What is being asked =
Restate the records that follow word for word; no pictures should appear.

:: Records for processing

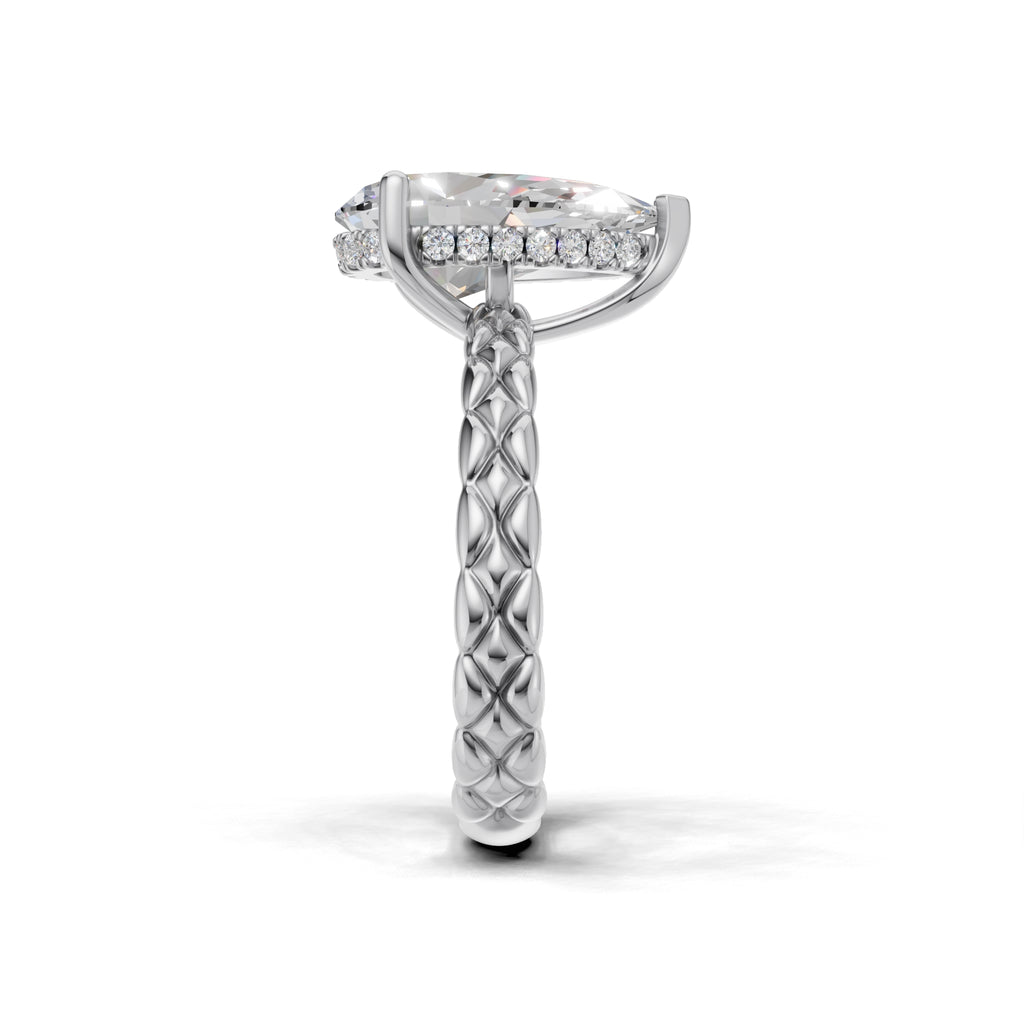 3.00 ct Golden Spiga Ring, IGI Certified Lab Grown Diamond, Intricate Braid Design 3ct White Gold Pear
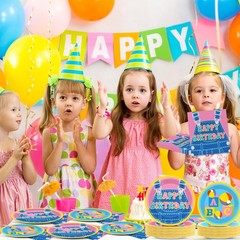 200 Pcs Girls Party Decorations Cartoon Teacher Plates and Napkins Happy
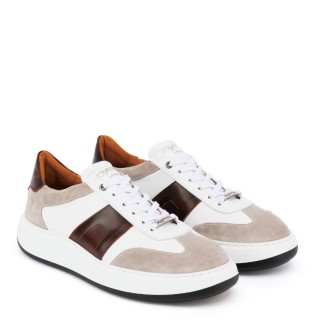 Ανδρικά Sneakers 942 Δέρμα-Δέρμα Καστόρι Λευκό-Μπεζ Raymont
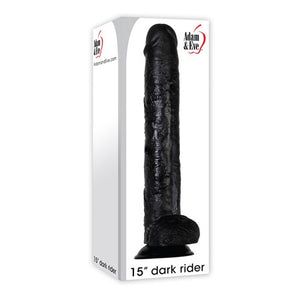 Adam & Eve Dark Rider 15 in. Dildo With Balls Black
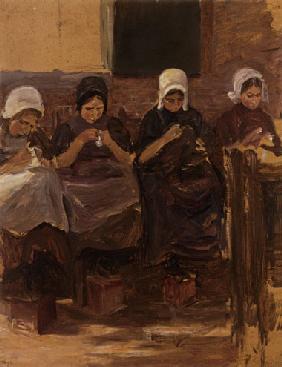 Nähende Mädchen 1889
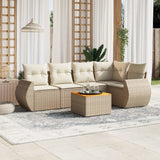 vidaXL 6-delige Loungeset met kussens poly rattan zwart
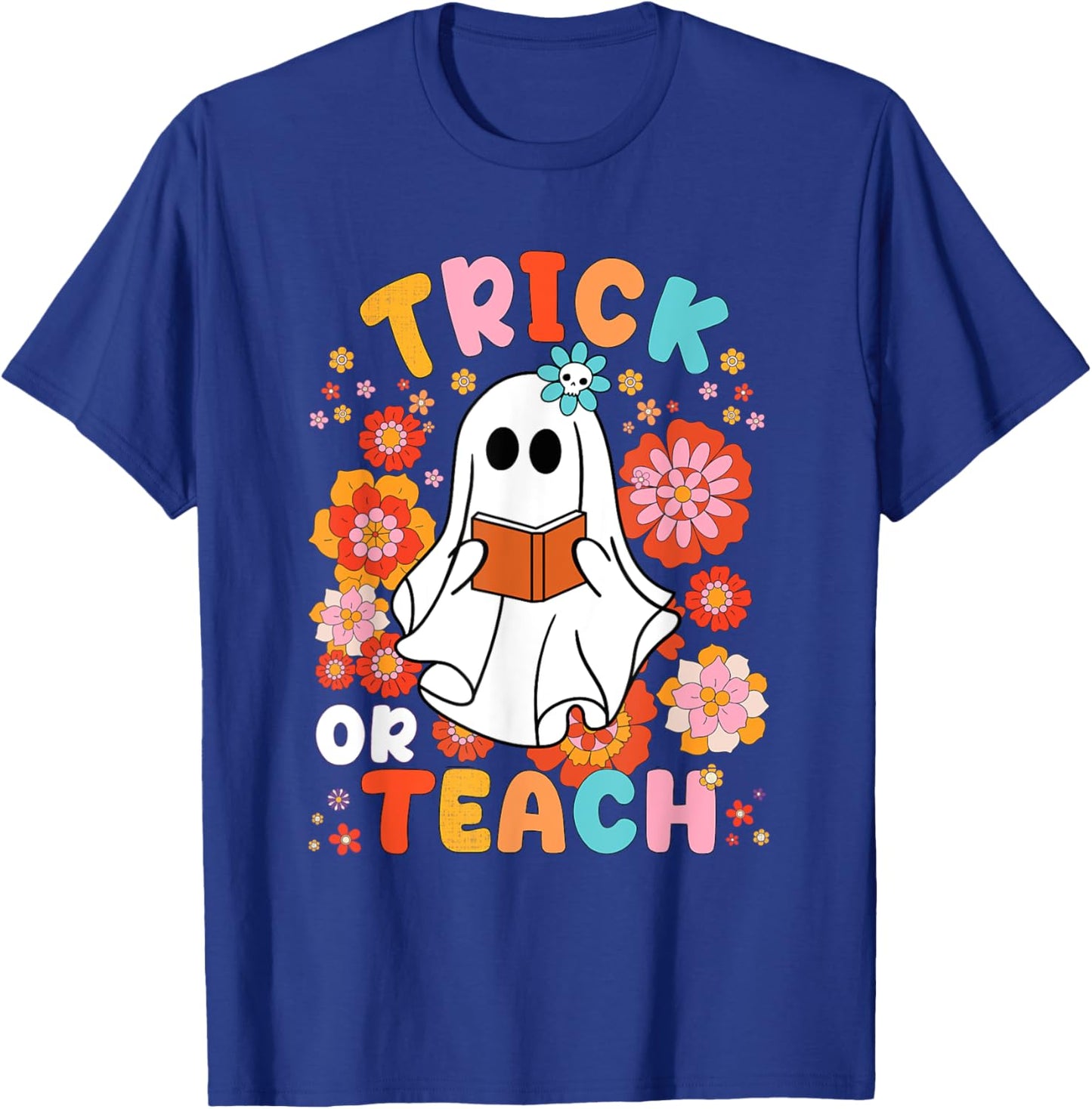 Groovy Halloween Trick or Teach Retro Floral Ghost Teacher Women Kids T-Shirt - T-Shirt | Royal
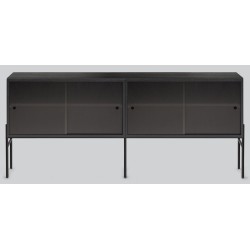 Hifive glass storage system L150 x H65 cm - black oak - Northern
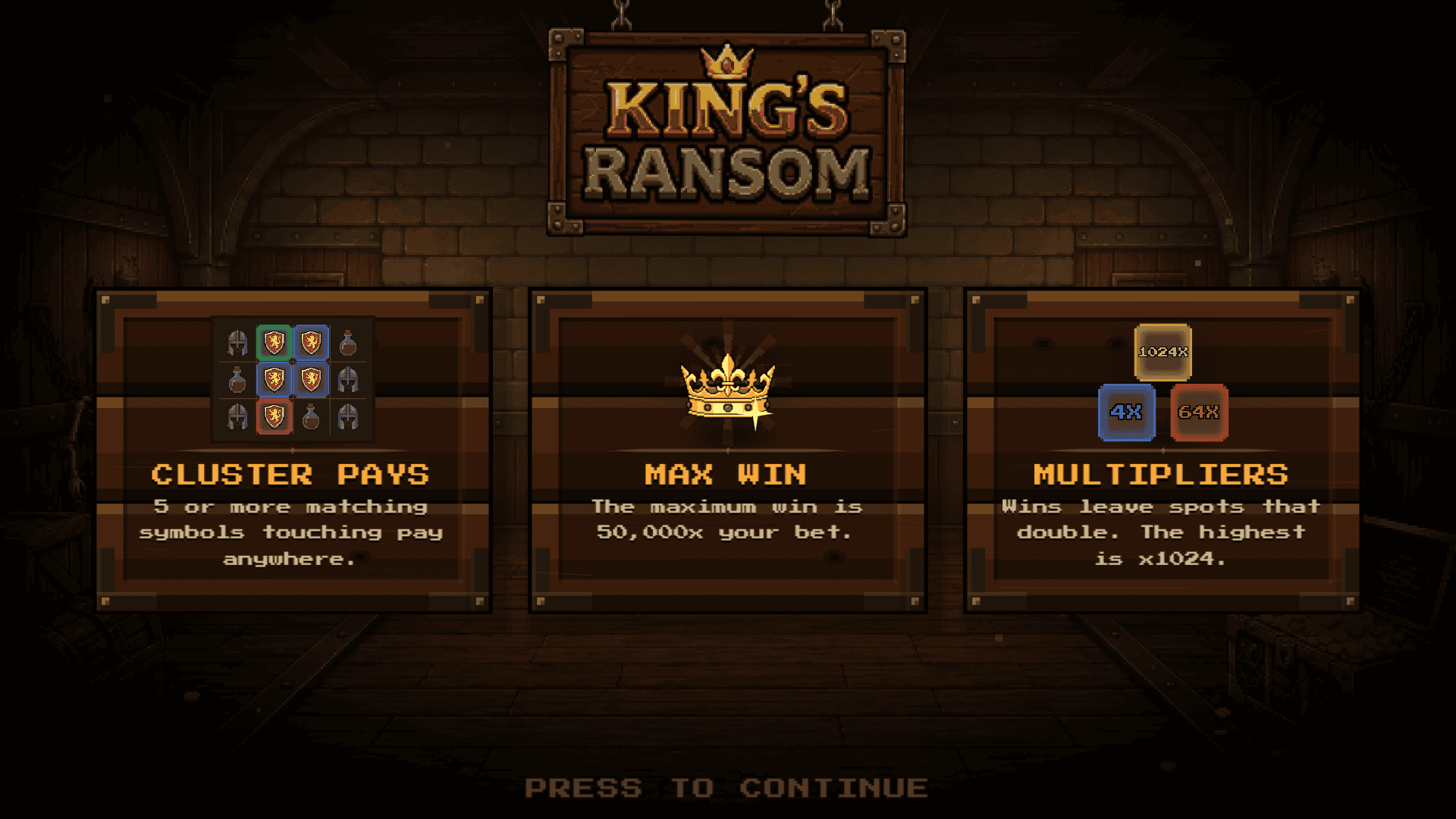 Kings Ransom slot intro screen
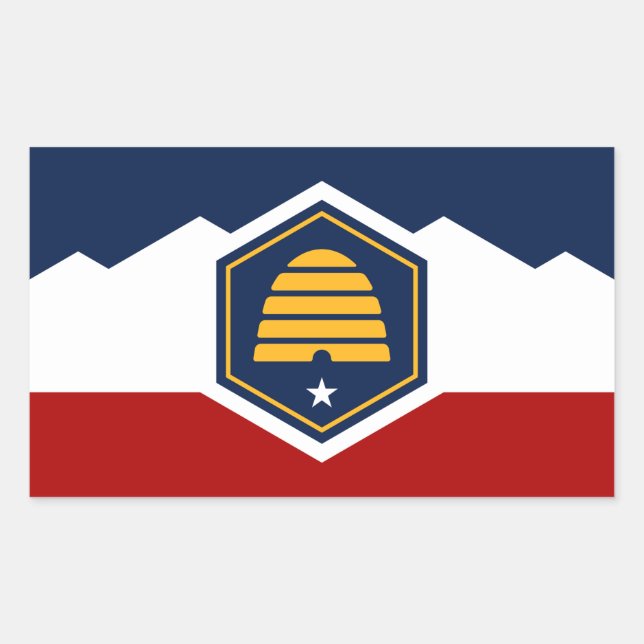 Autocollant rectangulaire avec drapeau de l'Utah,  (Devant)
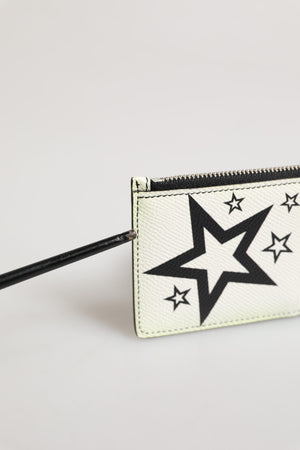 White Leather Douphin DG Logo Star Print Card Holder Wallet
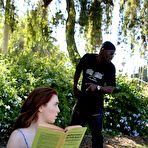 First pic of Spoiler Alert: This is Jessie Parker's FIRST EVER interracial gangbang. Jessie Parker is in the park reading up about male impotence-that's something her boyfriend is suffering from.
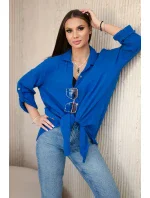 Bavlněná mušelínová košile oversize chrpově modrá Bavlněná mušelínová košile oversize chrpově modrá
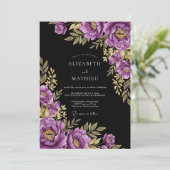 Invitation Mariage Floral Doré Pourpre Romance (Debout devant)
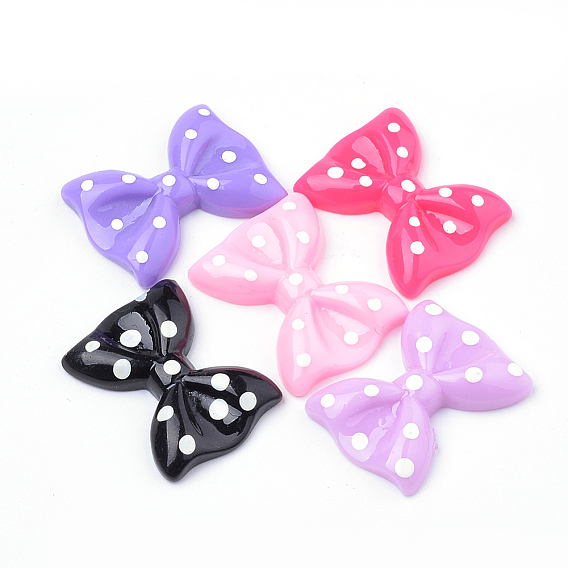 Кабошоны из смолы, бантом с горошек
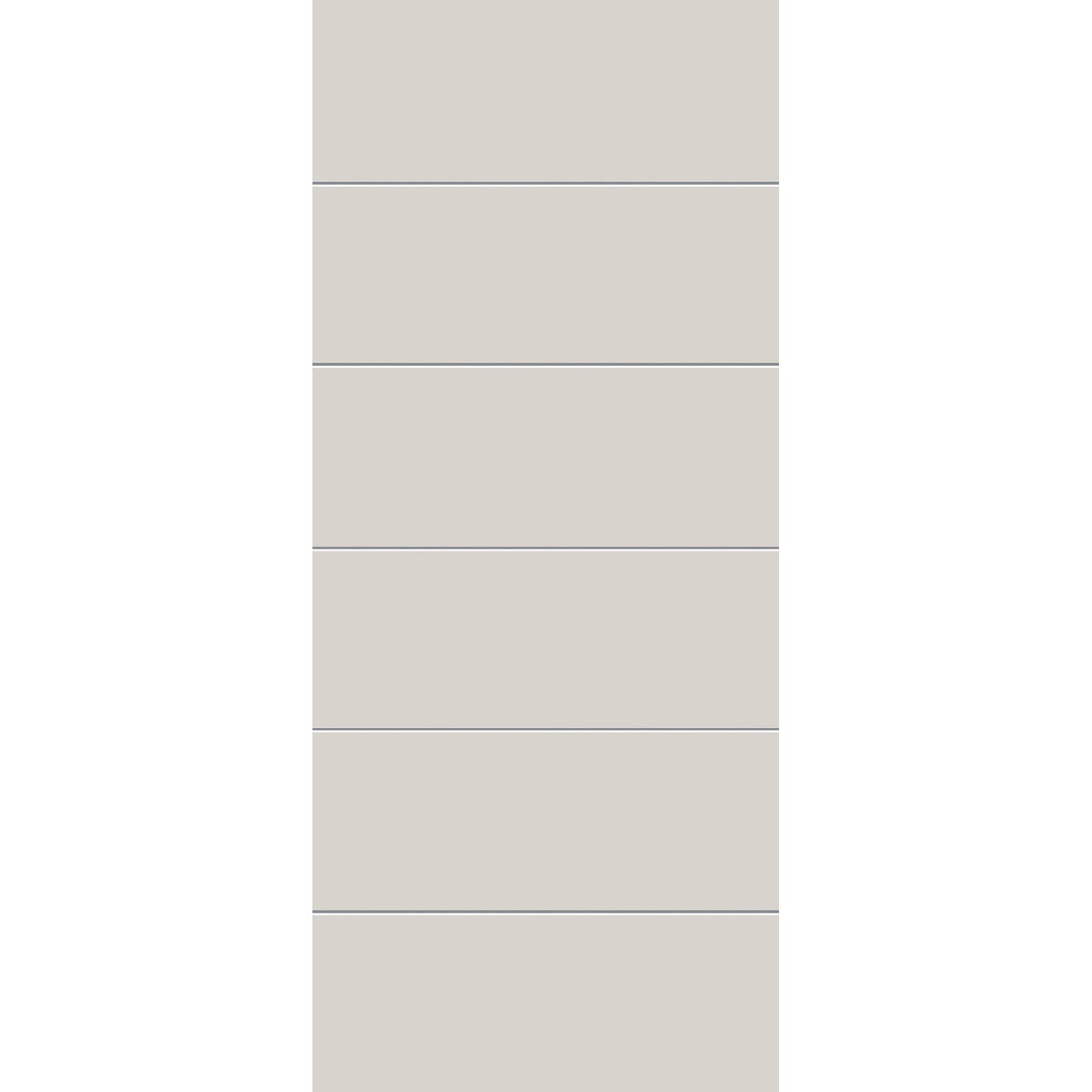Fiberglass entry door, contemporary 5, 34" x 80", white satin smooth finish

::::

Solution to the exercise =
 3.00 ct Golden Spiga Ring, IGI Certified Lab Grown Diamond, Intricate Braid Design 3ct White Gold Pear
 200 Pcs Girls Party Decorations Cartoon Teacher Plates and Napkins Happy
 Ανδρικά Sneakers 942 Δέρμα-Δέρμα Καστόρι Λευκό-Μπεζ Raymont
 Adam & Eve Dark Rider 15 in. Dildo With Balls Black
 Nähende Mädchen 1889
 vidaXL 6-delige Loungeset met kussens poly rattan zwart
 Groovy Halloween Trick or Teach Retro Floral Ghost Teacher Women Kids T-Shirt - T-Shirt | Royal
 Hifive glass storage system L150 x H65 cm - black oak - Northern
 Kings Ransom slot intro screen
 Autocollant rectangulaire avec drapeau de l'Utah,  (Devant)
 White Leather Douphin DG Logo Star Print Card Holder Wallet
 First pic of Spoiler Alert: This is Jessie Parker's FIRST EVER interracial gangbang. Jessie Parker is in the park reading up about male impotence-that's something her boyfriend is suffering from.
 Bavlněná mušelínová košile oversize chrpově modrá Bavlněná mušelínová košile oversize chrpově modrá
 Invitation Mariage Floral Doré Pourpre Romance (Debout devant)
 Кабошоны из смолы, бантом с горошек
Fiberglass entry door, contemporary 5, 34" x 80", white satin smooth finish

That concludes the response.